Question

Let $f:\left(1,3\right)\to R$ be a function defined by $f\left(x\right)=\frac{x\left[x\right]}{\left(x^2+1\right)}$ , where$\left[x\right]$ denotes the greatest integer $\le x$. Then the range of $f$ is

• A. $(\frac{2}{5},\frac{3}{5}]\cup \left(\frac{3}{4},\frac{4}{5}\right)$
• B. $(\frac{2}{5},\frac{4}{5}]$
• C. $\left(\frac{3}{5},\frac{4}{5}\right)$
• D. $\left(\frac{2}{5},\frac{1}{2}\right)\cup (\frac{3}{5},\frac{4}{5}]$

Answer 1

The correct option is D

$\left(\frac{2}{5},\frac{1}{2}\right)\cup (\frac{3}{5},\frac{4}{5}]$

Explanation for correct option:

Identifying the range $f$:

Consider the given equation as,

$f:\left(1,3\right)\to R$

$f\left(x\right)=\frac{x\left[x\right]}{\left(x^2+1\right)}$

Rewrite the above Equation as,

$f\left(x\right)=\left\{\begin{array}{ll}\frac{x}{\left(x^2+1\right)}& x\in \left(1,2\right)\\ \frac{2x}{\left(x^2+1\right)}& x\in (2,3]\end{array}\right.......\left(1\right)$

$$\begin{gathered} f\text{'}\left(x\right)=\left\{\begin{array}{ll}\frac{\left(x^2+1\right)\times 1-x\times 2x}{{\left(x^2+1\right)}^2}& x\in \left(1,2\right)\\ \frac{\left(x^2+1\right)\times 2-2x\times 2x}{{\left(x^2+1\right)}^2}& x\in (2,3]\end{array}\right. \\ f\text{'}\left(x\right)=\left\{\begin{array}{ll}\frac{x^2+1-x\times 2x}{{\left(x^2+1\right)}^2}& x\in \left(1,2\right)\\ \frac{2+2x^2-4x^2}{{\left(x^2+1\right)}^2}& x\in (2,3]\end{array}\right. \\ f\text{'}\left(x\right)=\left\{\begin{array}{ll}\frac{1-x^2}{{\left(x^2+1\right)}^2}& x\in \left(1,2\right)\\ \frac{2\left(1-x^2\right)}{{\left(x^2+1\right)}^2}& x\in (2,3]\end{array}\right. \end{gathered}$$

From the above Equation we get negative value . since,$f\left(x\right)$ is decreasing function.
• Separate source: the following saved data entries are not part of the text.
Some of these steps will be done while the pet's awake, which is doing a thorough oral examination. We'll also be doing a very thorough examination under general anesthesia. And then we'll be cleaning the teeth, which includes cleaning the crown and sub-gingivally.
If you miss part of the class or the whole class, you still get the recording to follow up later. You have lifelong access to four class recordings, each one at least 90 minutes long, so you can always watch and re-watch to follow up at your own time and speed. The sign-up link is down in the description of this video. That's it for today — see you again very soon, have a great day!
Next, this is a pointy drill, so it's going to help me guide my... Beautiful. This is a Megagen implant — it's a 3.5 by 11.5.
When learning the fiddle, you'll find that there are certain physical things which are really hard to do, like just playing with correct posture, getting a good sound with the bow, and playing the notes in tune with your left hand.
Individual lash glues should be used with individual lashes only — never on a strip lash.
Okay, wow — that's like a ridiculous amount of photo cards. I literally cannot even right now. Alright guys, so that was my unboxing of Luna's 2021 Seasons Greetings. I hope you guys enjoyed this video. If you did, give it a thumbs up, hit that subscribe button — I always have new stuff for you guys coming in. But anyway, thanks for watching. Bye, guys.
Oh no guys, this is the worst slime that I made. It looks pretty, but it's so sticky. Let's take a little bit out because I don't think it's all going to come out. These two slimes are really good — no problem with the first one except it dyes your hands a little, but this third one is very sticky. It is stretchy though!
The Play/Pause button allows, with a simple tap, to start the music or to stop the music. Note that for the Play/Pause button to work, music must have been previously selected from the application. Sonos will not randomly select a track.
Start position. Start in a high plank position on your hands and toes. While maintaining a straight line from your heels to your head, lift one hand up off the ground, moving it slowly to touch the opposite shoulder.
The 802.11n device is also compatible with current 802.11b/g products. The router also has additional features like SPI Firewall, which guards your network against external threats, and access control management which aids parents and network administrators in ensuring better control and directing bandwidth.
substitute the value in the Equation $\left(1\right)$ we get the range of functions belonging to the,

$$\begin{gathered} f\left(x\right)=\frac{x}{\left(x^2+1\right)}x\in \left(1,2\right) \\ f\left(x\right)=\frac{1}{\left(1+1\right)}=\frac{1}{2} \\ f\left(x\right)=\frac{2}{\left(2^2+1\right)}=\frac{2}{5} \\ f\left(x\right)=\frac{2x}{\left(x^2+1\right)}x\in (2,3] \\ f\left(x\right)=\frac{2\times 2}{\left(2^2+1\right)}=\frac{4}{5} \\ f\left(x\right)=\frac{2\times 3}{\left(3^2+1\right)}=\frac{6}{10}=\frac{3}{5} \end{gathered}$$

Hence, $R_f\in \left(\frac{2}{5},\frac{1}{2}\right)\cup (\frac{3}{5},\frac{4}{5}]$

Therefore, the correct answer is Option (D).